┌─ Recorded data

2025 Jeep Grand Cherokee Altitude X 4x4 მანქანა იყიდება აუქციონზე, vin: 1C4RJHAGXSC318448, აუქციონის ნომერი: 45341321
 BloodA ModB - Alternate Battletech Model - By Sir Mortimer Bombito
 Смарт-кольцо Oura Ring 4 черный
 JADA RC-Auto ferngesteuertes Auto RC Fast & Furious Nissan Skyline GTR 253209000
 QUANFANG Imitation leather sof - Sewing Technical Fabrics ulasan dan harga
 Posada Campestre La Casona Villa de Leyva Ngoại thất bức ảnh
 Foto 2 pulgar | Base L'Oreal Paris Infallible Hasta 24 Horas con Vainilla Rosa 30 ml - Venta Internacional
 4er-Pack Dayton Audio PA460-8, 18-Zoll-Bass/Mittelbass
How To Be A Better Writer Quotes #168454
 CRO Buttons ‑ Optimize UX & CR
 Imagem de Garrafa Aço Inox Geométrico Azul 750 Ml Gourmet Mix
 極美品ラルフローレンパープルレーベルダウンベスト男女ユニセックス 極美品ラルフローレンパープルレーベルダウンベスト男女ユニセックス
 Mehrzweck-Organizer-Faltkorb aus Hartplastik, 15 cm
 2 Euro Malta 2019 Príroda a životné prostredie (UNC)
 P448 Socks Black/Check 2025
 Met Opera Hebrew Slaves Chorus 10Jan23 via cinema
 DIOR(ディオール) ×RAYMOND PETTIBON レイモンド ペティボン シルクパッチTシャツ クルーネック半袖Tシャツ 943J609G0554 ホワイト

└─

### Instructions to follow
Everything from the first line of the data through the line containing "Met Opera Hebrew" should be echoed exactly. Add nothing.

### Answer section
2025 Jeep Grand Cherokee Altitude X 4x4 მანქანა იყიდება აუქციონზე, vin: 1C4RJHAGXSC318448, აუქციონის ნომერი: 45341321
 BloodA ModB - Alternate Battletech Model - By Sir Mortimer Bombito
 Смарт-кольцо Oura Ring 4 черный
 JADA RC-Auto ferngesteuertes Auto RC Fast & Furious Nissan Skyline GTR 253209000
 QUANFANG Imitation leather sof - Sewing Technical Fabrics ulasan dan harga
 Posada Campestre La Casona Villa de Leyva Ngoại thất bức ảnh
 Foto 2 pulgar | Base L'Oreal Paris Infallible Hasta 24 Horas con Vainilla Rosa 30 ml - Venta Internacional
 4er-Pack Dayton Audio PA460-8, 18-Zoll-Bass/Mittelbass
How To Be A Better Writer Quotes #168454
 CRO Buttons ‑ Optimize UX & CR
 Imagem de Garrafa Aço Inox Geométrico Azul 750 Ml Gourmet Mix
 極美品ラルフローレンパープルレーベルダウンベスト男女ユニセックス 極美品ラルフローレンパープルレーベルダウンベスト男女ユニセックス
 Mehrzweck-Organizer-Faltkorb aus Hartplastik, 15 cm
 2 Euro Malta 2019 Príroda a životné prostredie (UNC)
 P448 Socks Black/Check 2025
 Met Opera Hebrew Slaves Chorus 10Jan23 via cinema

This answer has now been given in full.